* WORK TO BE COMPLETED: Would you retype exactly the lines from the one holding "Camping for Couples" through the last line of the listing, and only those, without pictures?

* GIVEN MATERIAL:
________
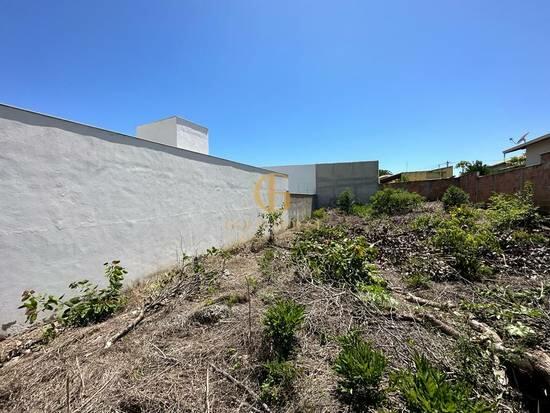 Terreno de 370 m² Jardim Imperial - Lagoa Santa, à venda por R$ 280.000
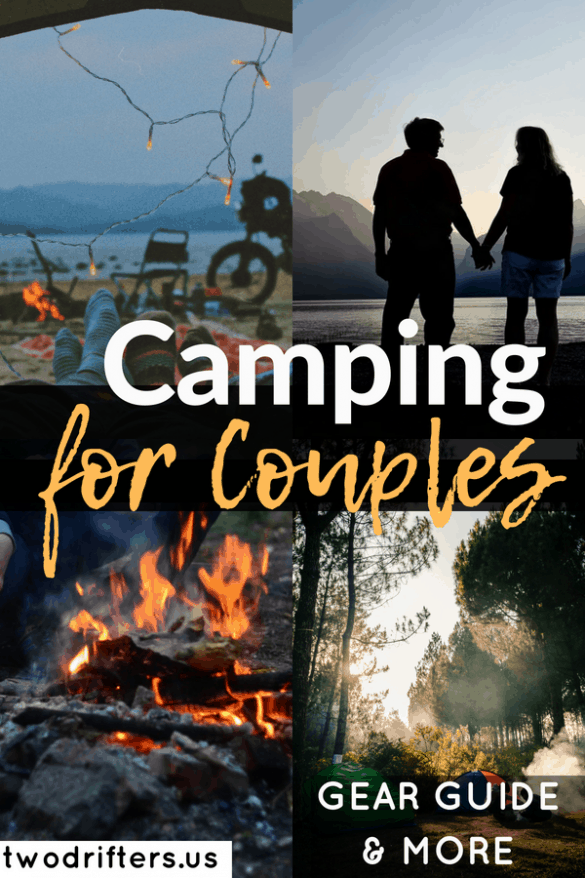 Camping for Couples Essential Gear Guide & Tips for Two Two Drifters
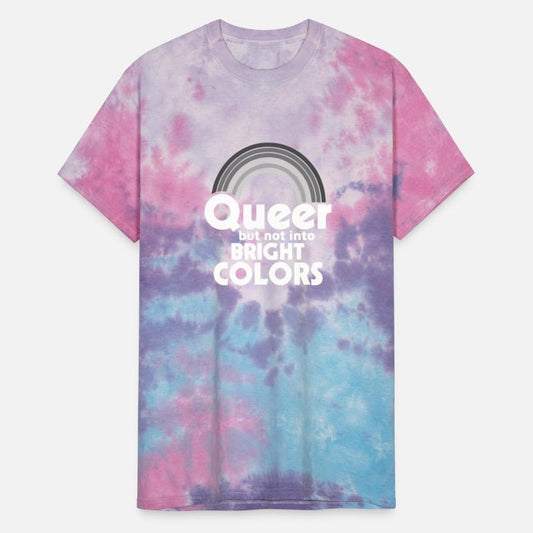 Queer But Not Into Bright Colors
________
* RESPONSE:
 Camping for Couples Essential Gear Guide & Tips for Two Two Drifters
 Queer But Not Into Bright Colors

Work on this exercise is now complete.